Dopo la delusione, abbiamo indirizzato i nostri comuni sentimenti in un lavoro ancor più dettagliato e certosino, redigendo un appello, che pur ribadendo la nostra linea difensiva, si arricchiva di spunti critici verso la sentenza di cui chiedevamo la riforma. La sentenza della Terza Sezione della Corte di Appello di Bologna del 19 gennaio 2023, che ha assolto l’imputato perché il fatto non sussiste, è stato l’esito naturale di questo doloroso sforzo.
Non conosciamo ancora le motivazioni, ma già alcune osservazioni possono essere
svolte.
– La prima riguarda la circostanza che la formula non lascia spazio a dubbi, il fatto-reato non sussiste, non esiste.
– La seconda attiene al fatto che l’imputato è stato assolto pienamente, cioè senza che sipotesse sostenere che le prove a di lui carico fossero insufficienti.
– La terza si rinviene nella stessa richiesta svolta dal PG in udienza. Il rappresentante dell’accusa ha criticato la sentenza e, seppure con ragioni di minor respiro rispetto a quelle adottate dalla Corte, aveva chiesto che l’appello fosse accolto. Ha affermato il PG, infatti, che non esistessero elementi a sostegno dell’accusa, quanto meno, sul piano del dolo. Come detto, la Corte è andata oltre accogliendo la mia principale tesi.
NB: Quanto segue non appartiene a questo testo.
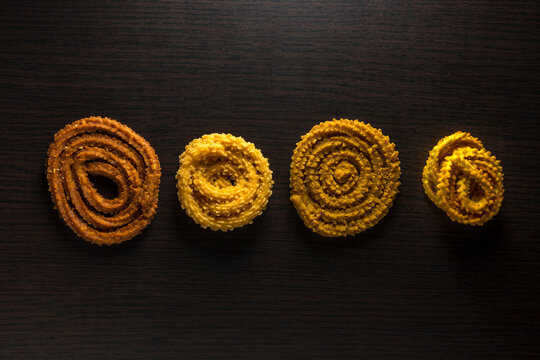 Popular traditional Indian snack - Chakli or Murukku. Various types of deep fried Chaklies arranged in a row, shot from above. Indian authentic food and savory.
– La quarta riguarda l’improvvisa sortita della Procura di Parma, che il giorno prima della sentenza, in una ormai usuale conferenza stampa relativa ad un sequestro di canapa appena operato, aveva sostenuto che chi sostiene la liceità del commercio della canapa light, lo fa o per motivi ideologici, oppure per interessi economici. Si tratta di un’affermazione assai grave, sol che si pensi che una simile esternazione si rivolge, non solo verso movimenti o singoli cittadini, ma, soprattutto, costituisce un severo quanto apodittico giudizio su di una giurisprudenza maggioritaria che si sta affermando nel nostro paese. Non credo proprio che la Corte di Appello abbia deciso di annullare la sentenza di condanna perché ispirata dai due criteri così categoricamente citati.
– La quinta si riferisce all’estraneità della nostra linea difensiva al braccio di ferro che è in corso tra Marola e la Procura.
Ognuno decide come difendersi, ma mi permetto di rivendicare l’assenza di toni da ordalia che ho dovuto constatare da ambo le parti; noi ci siamo difesi in silenzio e parliamo solo ora, perché abbiamo superato ogni sorta di difficoltà da soli e senza comitati di sostegno. Non abbiamo mai chiesto aiuto a nessuno, né abbiamo sostenuto che l’eventuale esito negativo avrebbe potuto provocare tragiche conseguenze sul settore, perché non è vero. Il 90% dei processi si conclude con assoluzioni o con archiviazioni ed il mercato tiene, anche se incontra qualche difficoltà. Si potrà dire che l’autorità inquirente dovrebbe fare tesoro di queste sentenze e non lo fa, ma questo è un altro discorso. Rivendichiamo, quindi, di avere tenuto il procedimento nel suo alveo naturale: la giurisdizione, senza digressioni mediatiche o politiche. Abbiamo preferito la sobrietà, il silenzio ed il richiamo alle norme di diritto.
La vera notizia è la sentenza; il resto sono chiacchiere che il vento porta via.
– La sesta ed ultima riguarda l’orgoglio di avere scelto una strada processuale impervia, che all’inizio si è rivelata sfavorevole, ma che alla fine ci ha portato in vetta e ci ha dato gioia.
Altri hanno ritenuto di seguire altre opzioni. Rispetto per queste scelte.
Non penso che la sentenza della Corte di Appello di Bologna risolva definitivamente il tema della canapa light, ma, al di là della grande soddisfazione personale, penso dovrà costituire una pietra miliare per la giurisprudenza.